NVIDIA cuBLASDx#
The cuBLAS Device Extensions (cuBLASDx) library enables you to perform selected linear algebra functions known from cuBLAS inside your CUDA kernel. This is currently limited only to General Matrix Multiplication (GEMM). Fusing linear algebra routines with other operations can decrease the latency and improve the overall performance of your application.
The documentation consists of three main components:
A quick start guide, General Matrix Multiply Using cuBLASDx.

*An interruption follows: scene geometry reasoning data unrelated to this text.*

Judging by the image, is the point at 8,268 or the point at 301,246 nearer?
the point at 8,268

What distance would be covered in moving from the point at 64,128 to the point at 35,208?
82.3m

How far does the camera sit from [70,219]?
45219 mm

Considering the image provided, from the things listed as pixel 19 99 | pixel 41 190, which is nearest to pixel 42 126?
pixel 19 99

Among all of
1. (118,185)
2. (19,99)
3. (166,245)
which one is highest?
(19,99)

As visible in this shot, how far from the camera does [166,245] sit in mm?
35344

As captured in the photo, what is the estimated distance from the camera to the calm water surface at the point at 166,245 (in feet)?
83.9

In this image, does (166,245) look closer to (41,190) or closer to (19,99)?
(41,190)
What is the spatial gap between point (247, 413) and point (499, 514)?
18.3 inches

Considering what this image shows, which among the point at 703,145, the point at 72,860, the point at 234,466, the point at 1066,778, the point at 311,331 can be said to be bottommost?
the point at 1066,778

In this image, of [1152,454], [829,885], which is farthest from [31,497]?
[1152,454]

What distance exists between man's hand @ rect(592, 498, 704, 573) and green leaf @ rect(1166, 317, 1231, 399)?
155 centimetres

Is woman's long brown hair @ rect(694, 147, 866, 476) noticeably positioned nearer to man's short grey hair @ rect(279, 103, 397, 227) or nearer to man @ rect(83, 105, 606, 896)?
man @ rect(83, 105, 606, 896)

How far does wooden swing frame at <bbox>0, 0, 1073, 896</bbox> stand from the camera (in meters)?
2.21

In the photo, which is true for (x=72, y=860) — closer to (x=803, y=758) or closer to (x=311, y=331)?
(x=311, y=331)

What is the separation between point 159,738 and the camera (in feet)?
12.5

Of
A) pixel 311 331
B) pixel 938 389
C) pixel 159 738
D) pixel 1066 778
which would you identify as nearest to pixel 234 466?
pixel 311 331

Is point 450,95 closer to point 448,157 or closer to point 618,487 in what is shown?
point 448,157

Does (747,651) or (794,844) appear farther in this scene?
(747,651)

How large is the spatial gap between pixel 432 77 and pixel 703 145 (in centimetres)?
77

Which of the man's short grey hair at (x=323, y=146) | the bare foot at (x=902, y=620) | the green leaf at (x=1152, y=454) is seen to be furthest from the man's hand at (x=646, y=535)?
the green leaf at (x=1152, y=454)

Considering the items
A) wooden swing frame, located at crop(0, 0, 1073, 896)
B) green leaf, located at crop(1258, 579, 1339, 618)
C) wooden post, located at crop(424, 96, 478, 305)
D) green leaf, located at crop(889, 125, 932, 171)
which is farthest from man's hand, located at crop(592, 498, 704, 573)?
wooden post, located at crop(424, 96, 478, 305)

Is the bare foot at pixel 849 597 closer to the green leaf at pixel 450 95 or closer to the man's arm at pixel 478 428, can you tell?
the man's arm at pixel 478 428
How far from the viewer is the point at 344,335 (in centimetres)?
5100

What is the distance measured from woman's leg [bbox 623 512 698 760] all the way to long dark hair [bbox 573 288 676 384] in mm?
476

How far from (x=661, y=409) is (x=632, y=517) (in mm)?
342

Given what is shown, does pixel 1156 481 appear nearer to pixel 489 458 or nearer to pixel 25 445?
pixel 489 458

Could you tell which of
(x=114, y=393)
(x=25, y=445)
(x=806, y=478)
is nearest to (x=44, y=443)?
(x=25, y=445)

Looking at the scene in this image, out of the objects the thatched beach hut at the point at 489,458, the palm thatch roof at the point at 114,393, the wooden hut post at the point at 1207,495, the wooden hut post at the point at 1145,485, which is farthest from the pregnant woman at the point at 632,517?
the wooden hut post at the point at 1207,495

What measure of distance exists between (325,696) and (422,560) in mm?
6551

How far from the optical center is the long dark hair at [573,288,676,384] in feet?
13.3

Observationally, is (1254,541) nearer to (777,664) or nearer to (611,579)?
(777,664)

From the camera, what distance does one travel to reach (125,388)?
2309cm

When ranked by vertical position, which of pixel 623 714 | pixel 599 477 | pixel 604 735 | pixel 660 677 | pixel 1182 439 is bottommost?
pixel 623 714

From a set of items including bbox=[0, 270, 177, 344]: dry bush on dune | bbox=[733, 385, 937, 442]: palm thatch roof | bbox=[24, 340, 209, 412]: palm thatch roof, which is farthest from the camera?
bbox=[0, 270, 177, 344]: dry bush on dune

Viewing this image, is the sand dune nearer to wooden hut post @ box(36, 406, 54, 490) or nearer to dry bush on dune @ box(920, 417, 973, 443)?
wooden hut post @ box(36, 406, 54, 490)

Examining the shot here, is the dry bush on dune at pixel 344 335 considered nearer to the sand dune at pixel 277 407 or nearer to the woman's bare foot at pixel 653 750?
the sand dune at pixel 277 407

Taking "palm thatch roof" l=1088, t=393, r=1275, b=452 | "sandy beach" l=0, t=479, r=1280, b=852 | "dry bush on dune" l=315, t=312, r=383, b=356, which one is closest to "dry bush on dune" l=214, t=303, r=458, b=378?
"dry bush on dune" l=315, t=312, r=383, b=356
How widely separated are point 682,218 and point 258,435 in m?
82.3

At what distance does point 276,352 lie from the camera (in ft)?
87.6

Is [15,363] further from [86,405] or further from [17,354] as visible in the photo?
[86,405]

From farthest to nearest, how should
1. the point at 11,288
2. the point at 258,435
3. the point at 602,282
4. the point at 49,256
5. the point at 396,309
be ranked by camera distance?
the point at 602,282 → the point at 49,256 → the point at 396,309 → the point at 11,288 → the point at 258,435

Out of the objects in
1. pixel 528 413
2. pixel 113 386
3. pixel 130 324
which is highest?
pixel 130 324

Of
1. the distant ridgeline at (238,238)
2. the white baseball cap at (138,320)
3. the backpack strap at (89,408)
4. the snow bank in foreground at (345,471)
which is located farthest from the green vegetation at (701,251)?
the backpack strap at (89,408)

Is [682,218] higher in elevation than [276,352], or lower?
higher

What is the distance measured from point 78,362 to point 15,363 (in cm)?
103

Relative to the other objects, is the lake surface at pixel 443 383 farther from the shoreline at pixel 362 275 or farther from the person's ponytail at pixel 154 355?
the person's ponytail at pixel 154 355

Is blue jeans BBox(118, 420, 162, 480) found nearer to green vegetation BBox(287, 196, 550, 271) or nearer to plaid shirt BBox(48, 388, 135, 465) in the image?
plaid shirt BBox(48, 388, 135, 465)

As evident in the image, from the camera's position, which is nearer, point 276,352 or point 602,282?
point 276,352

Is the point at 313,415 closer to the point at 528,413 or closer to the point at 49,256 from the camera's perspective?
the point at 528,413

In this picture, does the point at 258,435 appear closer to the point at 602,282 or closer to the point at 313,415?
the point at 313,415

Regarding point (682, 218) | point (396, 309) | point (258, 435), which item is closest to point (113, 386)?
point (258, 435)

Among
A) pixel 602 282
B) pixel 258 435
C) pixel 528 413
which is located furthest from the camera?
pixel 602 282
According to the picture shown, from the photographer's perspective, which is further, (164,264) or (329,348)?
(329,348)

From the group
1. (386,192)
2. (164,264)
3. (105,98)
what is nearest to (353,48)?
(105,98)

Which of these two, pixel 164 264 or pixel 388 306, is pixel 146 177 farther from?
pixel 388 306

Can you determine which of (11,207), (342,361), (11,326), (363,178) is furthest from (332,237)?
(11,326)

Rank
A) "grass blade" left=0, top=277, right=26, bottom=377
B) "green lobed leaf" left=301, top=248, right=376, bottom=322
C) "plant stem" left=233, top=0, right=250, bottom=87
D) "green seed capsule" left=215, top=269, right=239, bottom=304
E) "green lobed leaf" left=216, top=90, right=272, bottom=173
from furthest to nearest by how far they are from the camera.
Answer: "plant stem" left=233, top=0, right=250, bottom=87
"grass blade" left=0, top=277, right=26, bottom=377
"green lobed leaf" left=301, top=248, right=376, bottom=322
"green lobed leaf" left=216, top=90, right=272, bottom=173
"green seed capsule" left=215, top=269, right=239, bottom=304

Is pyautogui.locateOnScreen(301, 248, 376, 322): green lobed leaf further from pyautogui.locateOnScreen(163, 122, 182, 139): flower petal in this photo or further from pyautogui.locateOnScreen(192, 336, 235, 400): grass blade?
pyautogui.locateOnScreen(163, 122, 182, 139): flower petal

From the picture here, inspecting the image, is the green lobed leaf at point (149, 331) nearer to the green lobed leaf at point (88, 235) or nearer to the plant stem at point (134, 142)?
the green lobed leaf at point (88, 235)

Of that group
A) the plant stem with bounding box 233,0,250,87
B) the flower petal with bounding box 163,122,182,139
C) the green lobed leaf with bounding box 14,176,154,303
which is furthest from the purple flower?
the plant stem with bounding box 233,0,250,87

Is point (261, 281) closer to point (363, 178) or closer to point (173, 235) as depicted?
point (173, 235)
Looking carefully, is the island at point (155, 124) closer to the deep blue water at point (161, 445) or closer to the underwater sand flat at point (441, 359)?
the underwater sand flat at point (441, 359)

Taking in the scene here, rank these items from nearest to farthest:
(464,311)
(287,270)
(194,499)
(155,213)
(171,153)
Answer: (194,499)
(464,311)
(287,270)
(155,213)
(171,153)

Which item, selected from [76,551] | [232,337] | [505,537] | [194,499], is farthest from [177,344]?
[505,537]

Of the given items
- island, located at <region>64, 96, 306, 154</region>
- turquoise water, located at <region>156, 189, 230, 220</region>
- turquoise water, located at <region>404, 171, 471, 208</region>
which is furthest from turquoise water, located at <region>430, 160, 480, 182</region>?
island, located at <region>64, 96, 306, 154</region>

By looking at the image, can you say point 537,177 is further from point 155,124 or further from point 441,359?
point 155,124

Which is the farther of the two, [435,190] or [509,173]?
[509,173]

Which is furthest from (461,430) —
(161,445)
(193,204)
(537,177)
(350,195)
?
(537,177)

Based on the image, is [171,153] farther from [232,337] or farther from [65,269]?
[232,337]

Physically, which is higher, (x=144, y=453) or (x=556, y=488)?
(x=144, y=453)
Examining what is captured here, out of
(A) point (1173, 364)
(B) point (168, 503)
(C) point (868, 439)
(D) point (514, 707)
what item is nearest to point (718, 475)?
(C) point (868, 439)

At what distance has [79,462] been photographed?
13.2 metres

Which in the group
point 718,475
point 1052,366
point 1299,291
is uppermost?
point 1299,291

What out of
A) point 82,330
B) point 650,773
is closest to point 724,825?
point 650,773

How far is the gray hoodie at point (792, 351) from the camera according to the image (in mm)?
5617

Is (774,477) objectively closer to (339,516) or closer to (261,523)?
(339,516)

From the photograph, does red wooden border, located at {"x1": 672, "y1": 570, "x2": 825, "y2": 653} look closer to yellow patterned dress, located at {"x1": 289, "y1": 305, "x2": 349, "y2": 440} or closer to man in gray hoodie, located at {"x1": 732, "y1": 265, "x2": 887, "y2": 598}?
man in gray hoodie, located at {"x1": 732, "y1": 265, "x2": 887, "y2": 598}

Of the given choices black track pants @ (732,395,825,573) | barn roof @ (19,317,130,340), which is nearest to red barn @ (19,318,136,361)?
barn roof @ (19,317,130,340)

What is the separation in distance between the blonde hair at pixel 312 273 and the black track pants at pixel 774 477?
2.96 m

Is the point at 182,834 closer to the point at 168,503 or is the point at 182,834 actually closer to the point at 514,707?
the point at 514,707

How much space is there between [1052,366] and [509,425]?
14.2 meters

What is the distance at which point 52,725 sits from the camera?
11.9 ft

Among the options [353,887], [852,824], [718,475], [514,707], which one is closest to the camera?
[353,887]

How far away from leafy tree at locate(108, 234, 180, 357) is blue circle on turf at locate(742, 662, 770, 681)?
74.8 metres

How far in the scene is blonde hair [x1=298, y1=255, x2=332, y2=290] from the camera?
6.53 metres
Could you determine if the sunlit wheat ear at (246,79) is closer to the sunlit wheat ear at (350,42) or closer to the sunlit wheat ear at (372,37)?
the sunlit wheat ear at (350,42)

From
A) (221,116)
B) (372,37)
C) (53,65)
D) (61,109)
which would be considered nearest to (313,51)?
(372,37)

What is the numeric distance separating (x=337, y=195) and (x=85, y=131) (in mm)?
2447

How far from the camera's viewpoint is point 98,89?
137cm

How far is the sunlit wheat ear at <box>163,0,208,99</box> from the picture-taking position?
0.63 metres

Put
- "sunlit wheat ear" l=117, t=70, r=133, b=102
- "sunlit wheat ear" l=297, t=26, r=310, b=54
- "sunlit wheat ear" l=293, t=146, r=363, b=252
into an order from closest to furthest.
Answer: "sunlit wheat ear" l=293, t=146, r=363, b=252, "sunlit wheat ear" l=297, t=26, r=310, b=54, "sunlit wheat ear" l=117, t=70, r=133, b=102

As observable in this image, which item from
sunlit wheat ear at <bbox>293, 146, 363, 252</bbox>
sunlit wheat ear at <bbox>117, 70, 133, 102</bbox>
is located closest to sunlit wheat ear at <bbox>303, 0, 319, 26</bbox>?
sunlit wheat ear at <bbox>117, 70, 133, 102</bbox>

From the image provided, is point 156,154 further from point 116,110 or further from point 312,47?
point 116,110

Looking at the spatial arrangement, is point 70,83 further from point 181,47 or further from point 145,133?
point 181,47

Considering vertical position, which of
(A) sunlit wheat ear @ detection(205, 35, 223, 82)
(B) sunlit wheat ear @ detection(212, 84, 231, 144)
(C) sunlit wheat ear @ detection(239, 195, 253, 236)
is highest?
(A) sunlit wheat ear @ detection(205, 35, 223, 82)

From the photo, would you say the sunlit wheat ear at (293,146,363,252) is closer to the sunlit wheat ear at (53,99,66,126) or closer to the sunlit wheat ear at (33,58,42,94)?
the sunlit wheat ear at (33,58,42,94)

An API reference for a comprehensive overview of the provided functionality.
Warning
CUDA 12.8 and 12.9 have been known to miscompile cuBLASDx 0.3.1 in some rare slow-path cases (see CUDA 12.9 release notes for more details).
- It has been observed to happen when all of the following conditions are met:
Any of the computation types is
fp8_e5m2
,fp8_e4m3
,fp16
,bf16
, orint8
Any of M, N or K (Size Operator) is not a multiple of 16
Custom static leading dimension is used (LeadingDimension Operator)
These code corruptions may manifest as either incorrect results or illegal memory access
errors.
If this happens to their code, cuBLASDx 0.3.1 users can add the -Xptxas -O1
flag to the
compilation command to disable PTX optimization phase and produce slower code but not a corrupted binary.
This warning will be updated retroactively when the NVCC issue is resolved. We are actively working to fix this issue in an upcoming CUDA release.
Highlights#
The cuBLASDx library currently provides:
BLAS GEMM routine embeddable into a CUDA kernel.
High performance, no unnecessary data movement from and to global memory.
Customizability, options to adjust GEMM routine for different needs (size, precision, type, targeted CUDA architecture, etc.).
Flexibility of performing accumulation and fusion in either shared memory or registers.
Ability to fuse BLAS kernels with other operations in order to save global memory trips.
Compatibility with future versions of the CUDA Toolkit.